IEEE 754 Machine Numbers and Machine Arithmetic

In order to make numerical programs portable between different machines, the IEEE 754 standard defines machine numbers and how arithmetic operations should be performed.

the IEEE 754 standard was officially published in 1985 with revisions in 2008, 2019
interesting history behind the standard: "battle over gradual underflow"
Virtually all current computers comply with this standard
However, for many languages and compilers there is a 'fast-math' compiler option which produces faster code by disabling some features of standard machine arithmetic (e.g. subnormal numbers).
Note that that this can lead to inaccurate results and may cause algorithms to fail.

Machine Numbers

Machine numbers consist of the following:

normalized machine numbers x = ±(1.d₁...d_n)₂ 2^e with e_min≤e≤e_max
This lets us approximate a number x with the full machine accuracy ε_M if x_min ≤ |x| ≤ x_max
subnormal numbers x = ±(0.d₁...d_n)₂ 2^e_min (this includes +0, -0)
This lets us approximate numbers x with |x| < x_min. Note that this uses fewer significant digits, depending on how many leading zeros we have in d₁...d_n.
Choosing all d_j=0 gives the two machine numbers +0 and -0. This allows to remember the sign in the case of an underflow. See below for details how operations on +0 and -0 work.
Subnormal numbers fix the problem that the distance from zero to x_min is much larger than the distance from x_min to the next larger machine number. Without subnormal numbers we can have that x>y is true, but x-y>0 is false on the computer.
special values +Inf, -Inf, NaN
+Inf and -Inf are used to represent ±∞ in case of overflow, NaN ("Not a Number") is used to represent indeterminate results like 0/0 or Inf-Inf

The most important values are

machine epsilon ε_M = 2^-n-1
This is an upper bound of the rounding error if x_min ≤ |x| ≤ x_max
largest machine number x_max = (2-2^-n)·2^e_max
If |x| ≥ (2-2^-n-1)·2^e_max we have overflow and obtain ±Inf.
smallest normalized machine number x_min = 2^e_min
If |x| < x_min subnormal numbers with lower precision are used ("gradual underflow").

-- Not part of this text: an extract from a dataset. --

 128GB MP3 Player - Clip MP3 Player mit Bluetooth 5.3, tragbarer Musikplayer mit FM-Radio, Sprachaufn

Single and Double Precision Machine Numbers

	bits	n	e_max	e_min	ε_M	x_max	x_min
Single Precision	32	23	127	-126	2^-24≈6·10^-8	≈2¹²⁸≈3·10³⁸	2^-126≈10^-38
Double Precision	64	52	1023	-1022	2^-53≈10^-16	≈2¹⁰²⁴≈2·10³⁰⁸	2^-1022≈2·10^-308

Internal Representation of Machine Numbers

Machine numbers use 1 bit for the sign, k bits for the exponent and n bits for the mantissa. They are represented as a sequence of bits (each of which is 0 or 1) as follows:

s e₁ ... e_k d₁ ... d_n

For single precision numbers we have n=23, k=8.

For double precision numbers we have n=52, k=11.

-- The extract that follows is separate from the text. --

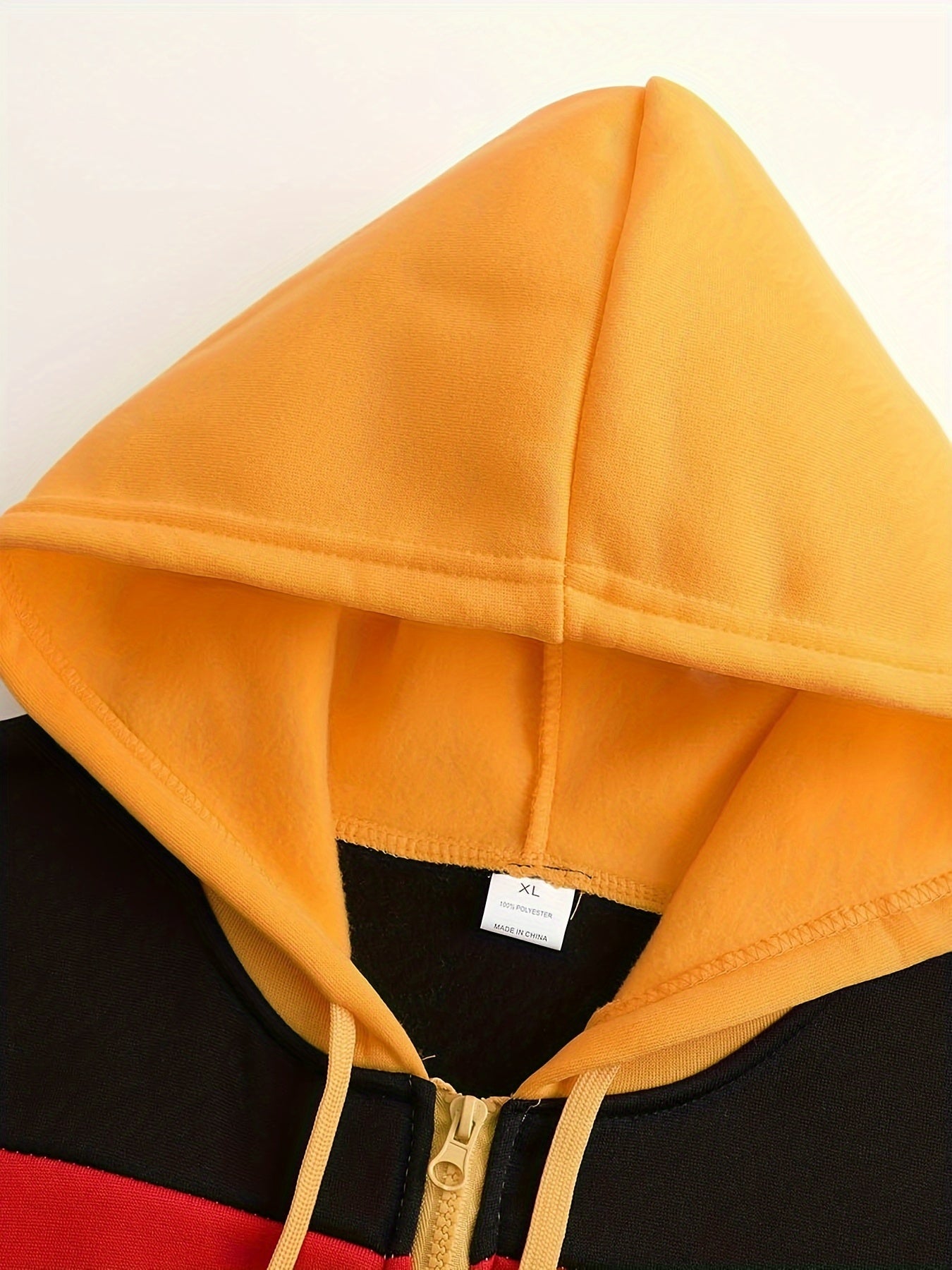 Men'S Casual Hooded Sweatshirt, Solid Color Zip-Up Pullover, Long Sleeve Polyester Knit Fabric, Regular Fit with Slight Stretch, 160gsm - Autumn/Winter Fashion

The sign is "+" for s=0 and "-" for s=1.

The exponent is obtained as e = (e₁ ... e_k )₂ - b where b = 2^k-1-1. The largest and smallest values of e are used to represent special values. Hence the smallest remaining value is e_min = 1 - b = 2 - 2^k-1, the largest remaining value is e_max = 2^k - 2 - b = 2^k-1 - 1.

For e_min ≤ e ≤ e_max we have: x = ±(1.d₁...d_n)₂ 2^e, representing normalized numbers
For e = e_min - 1 we have: x = ±(0.d₁...d_n)₂ 2^e_min, representing ±0 and subnormal numbers (aka denormalized numbers).
For e = e_max + 1 we have: x = ±Inf if all d_j=0
x = NaN otherwise

Note: All numbers with sign "+", arranged by size from +0 up to +Inf correspond to all the bit sequences (0 0...0 0...0) up to (0 1...1 0...0), arranged as binary integers. Therefore it is easy to compare two machine numbers, or to find the next smaller or larger machine number.

Rounding

Normally rounding "to nearest" is enabled. Let x be an arbitrary real number.

For |x| ≥ (2-2^-n-1)·2^e_max: fl(x) = ±Inf
otherwise: fl(x) is the nearest machine number. In the case of a tie the number with d_n=0 is chosen.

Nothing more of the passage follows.